Problem description ->
Should an entry contain an image, leave the image out and repeat the entry's text exactly.

Records shown ->
>>>>>

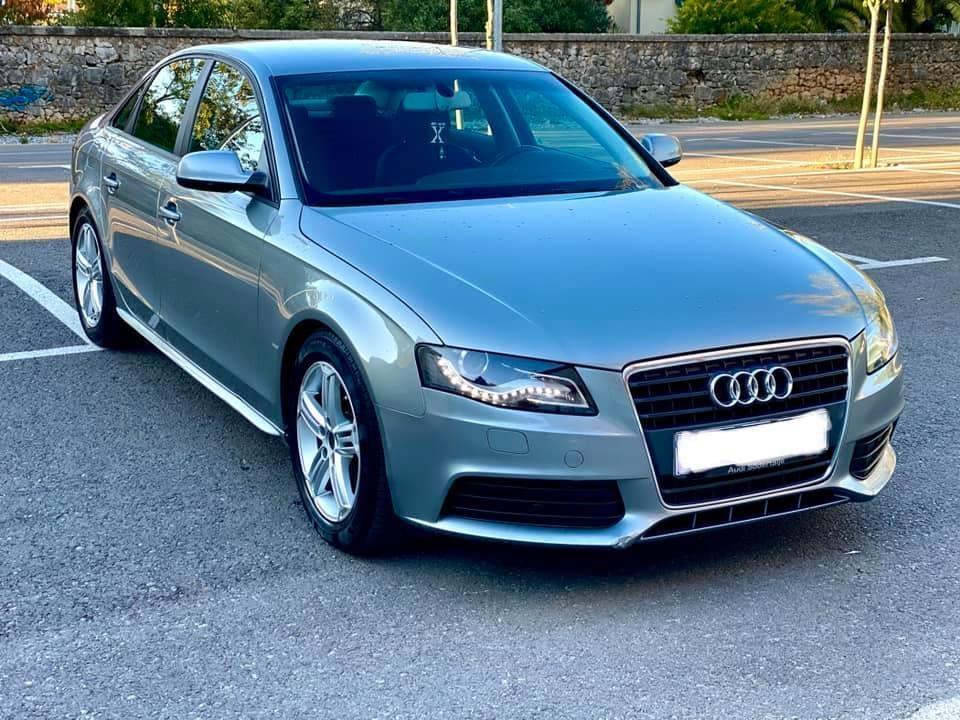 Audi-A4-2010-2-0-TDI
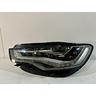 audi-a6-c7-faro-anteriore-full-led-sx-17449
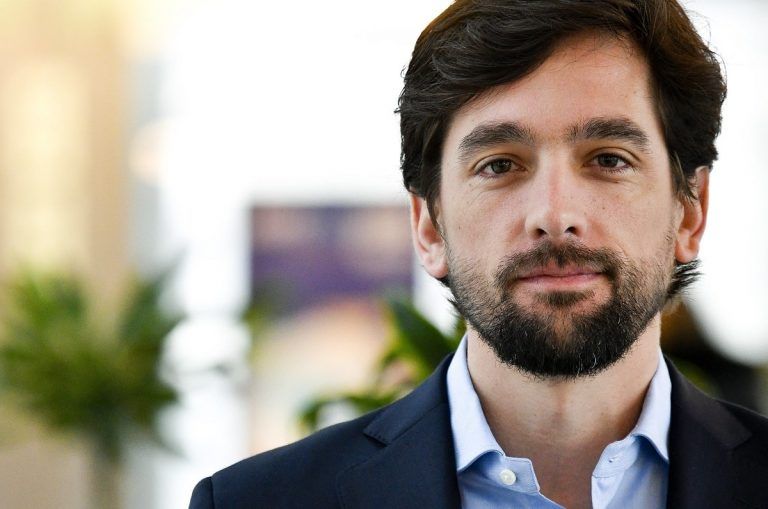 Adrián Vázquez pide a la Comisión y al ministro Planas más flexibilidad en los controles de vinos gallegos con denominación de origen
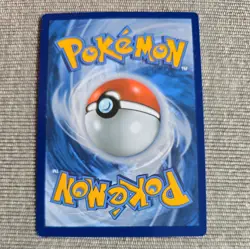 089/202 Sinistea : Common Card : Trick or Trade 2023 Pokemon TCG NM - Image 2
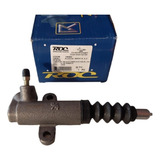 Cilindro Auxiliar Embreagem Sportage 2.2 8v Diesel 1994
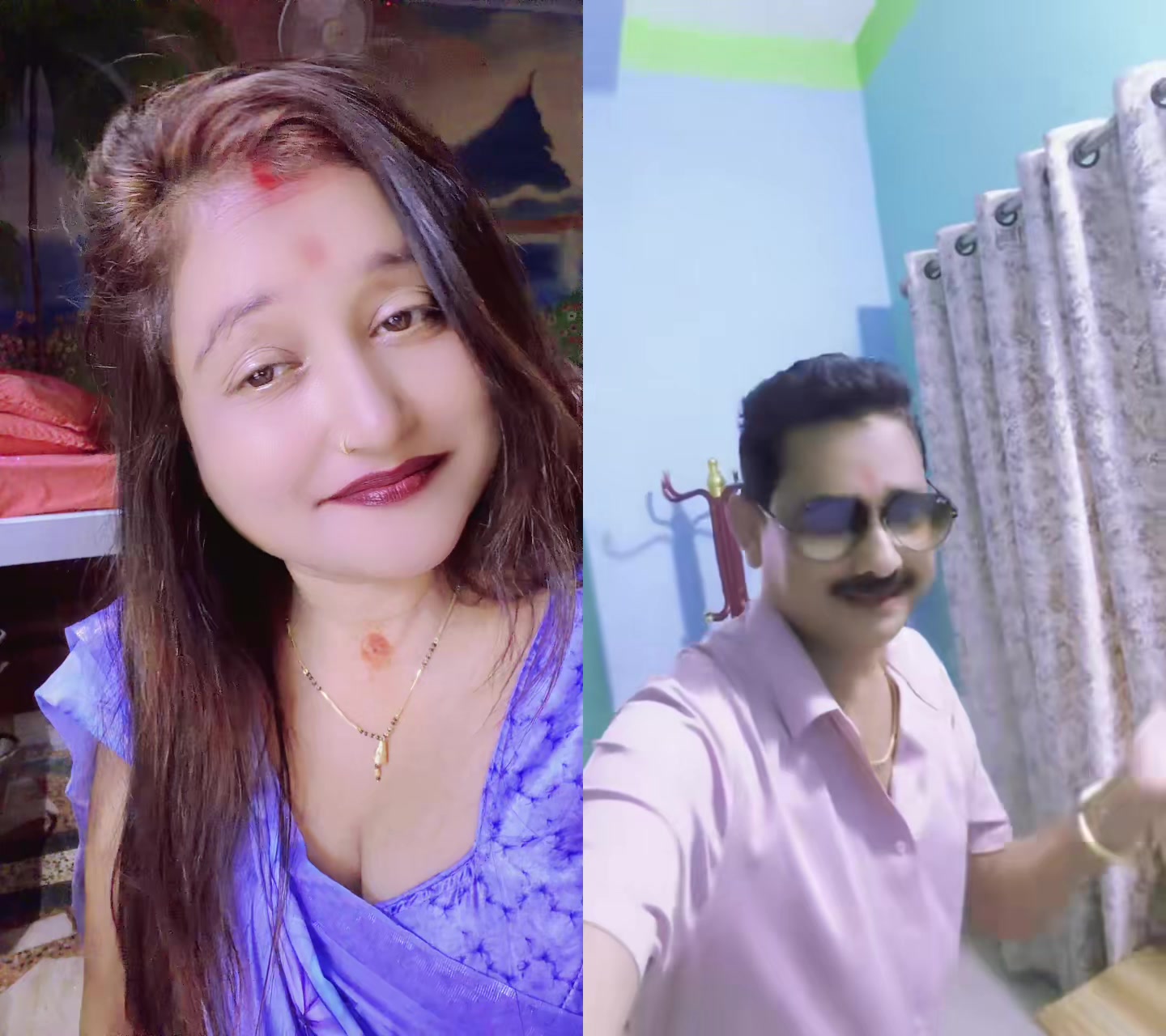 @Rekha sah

<<<<<

Output ->
 Audi-A4-2010-2-0-TDI
 audi-a6-c7-faro-anteriore-full-led-sx-17449
 Adrián Vázquez pide a la Comisión y al ministro Planas más flexibilidad en los controles de vinos gallegos con denominación de origen
 089/202 Sinistea : Common Card : Trick or Trade 2023 Pokemon TCG NM - Image 2
 Cilindro Auxiliar Embreagem Sportage 2.2 8v Diesel 1994
 @Rekha sah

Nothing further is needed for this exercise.